Si le vaccin AstraZeneca est utilisé en France depuis samedi 6 février, l’Afrique du Sud a décidé de faire marche arrière. Les professionnels de santé devaient commencer à l’utiliser cette semaine, mais le pays rétropédale. "C’est un problème temporaire qui explique qu’on suspende ce vaccin, un problème temporaire jusqu’à ce que l’on en sache plus, a expliqué Zweli Mkhize, le ministre de la Santé sud-africain. Quand nous saurons à quoi nous en tenir, il est possible que nous l’utilisions à nouveau." Le pays s’appuie sur une étude qui affirme que le vaccin AstraZeneca offre une protection limitée contre les versions modérées du variant sud-africain chez les jeunes adultes. Il est également probable qu’il n’empêche pas la transmission d’une personne à l’autre.
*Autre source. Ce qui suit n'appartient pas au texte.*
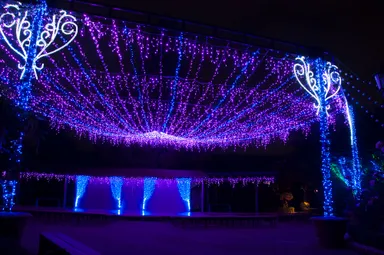 スターライトガーデン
Olivier Véran se fait vacciner Plusieurs pays, comme la France, ne recommandent pas non plus AstraZeneca pour les plus de 65 ans. "Ce que ça nous dit c’est que ça n'empêche pas la circulation du virus, et la capacité de ce vaccin à limiter la transmission et à juguler l’épidémie à terme est remise en cause", explique Mylène Ogliastro, chercheuse à l’INRAE. Le ministre de la Santé, Olivier Véran, qui a reçu lundi 8 février au matin sa première dose du vaccin, se veut quant à lui rassurant. "Au moins 99% des virus qui circulent aujourd’hui sur notre territoire ne correspondent pas à un variant sud-africain et donc la protection par AstraZeneca permet de se protéger contre la quasi-totalité des virus qui sont en circulation", a affirmé ce dernier.